- How to complete this task
What you give back from the listing below should be an exact copy of the lines from the one with "公仔大号泰迪熊猫女孩毛绒玩具布娃娃抱抱熊玩偶情人节生日礼物 180cm 深棕色" down to the one with "THE NORTH FACE", and it should contain no pictures.

- Extracted information

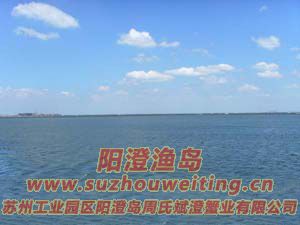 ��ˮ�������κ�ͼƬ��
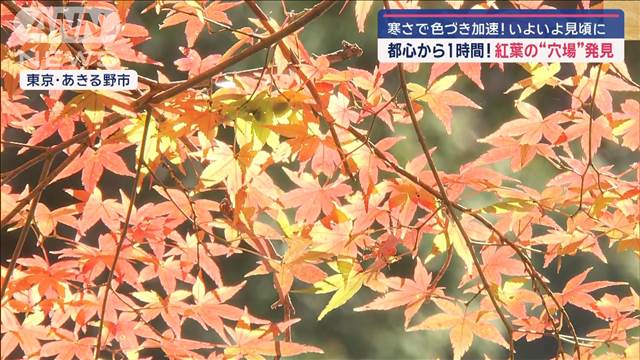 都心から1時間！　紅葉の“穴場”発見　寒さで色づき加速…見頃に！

* * *

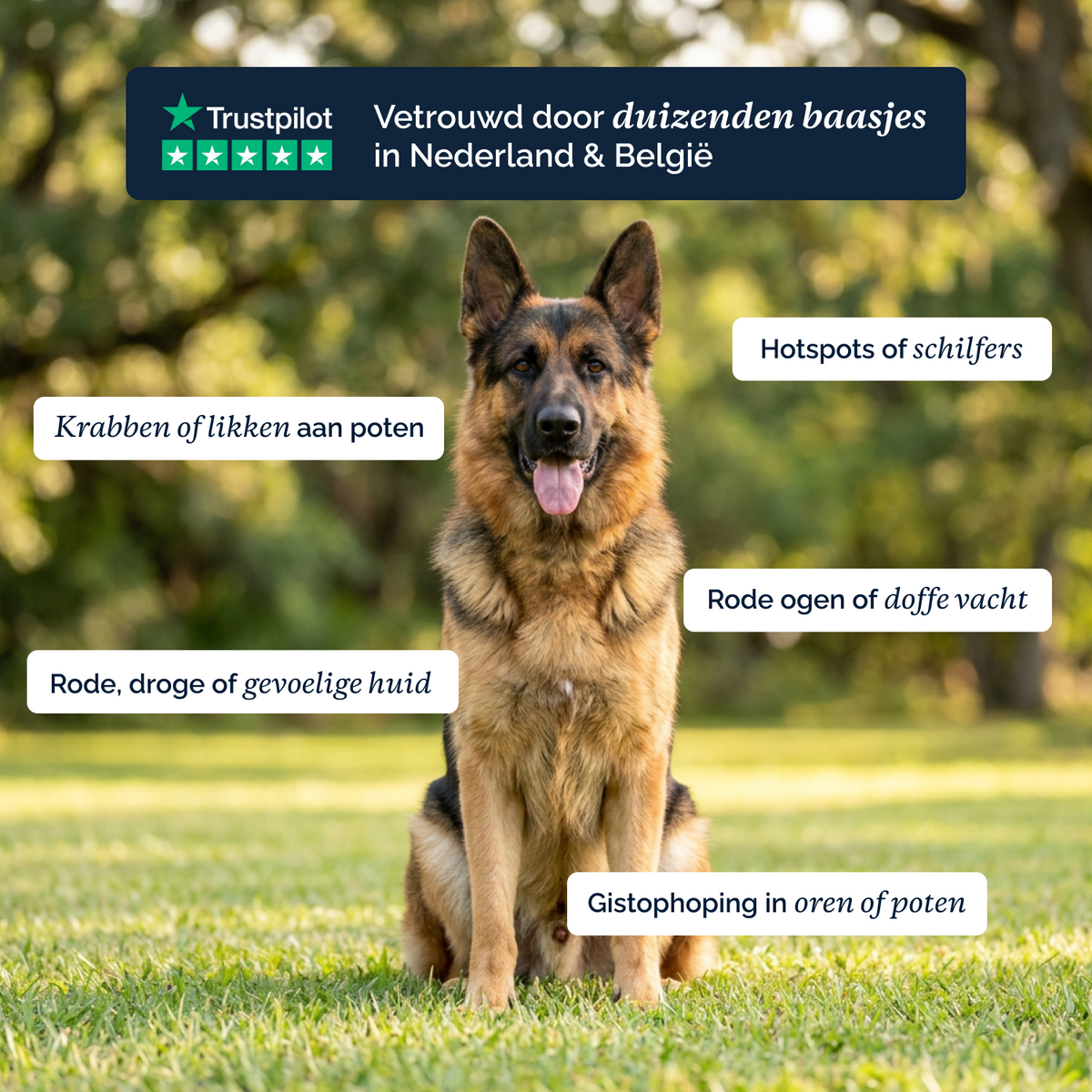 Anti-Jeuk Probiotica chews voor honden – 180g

* * *

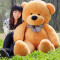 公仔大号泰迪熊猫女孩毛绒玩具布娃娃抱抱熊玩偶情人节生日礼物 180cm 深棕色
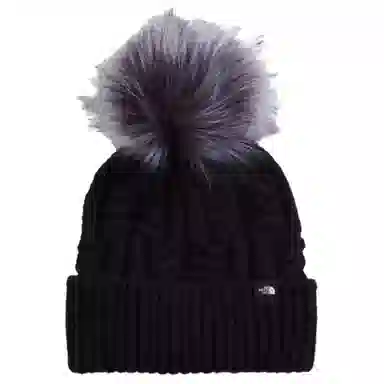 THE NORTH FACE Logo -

- Response
 公仔大号泰迪熊猫女孩毛绒玩具布娃娃抱抱熊玩偶情人节生日礼物 180cm 深棕色
 THE NORTH FACE Logo -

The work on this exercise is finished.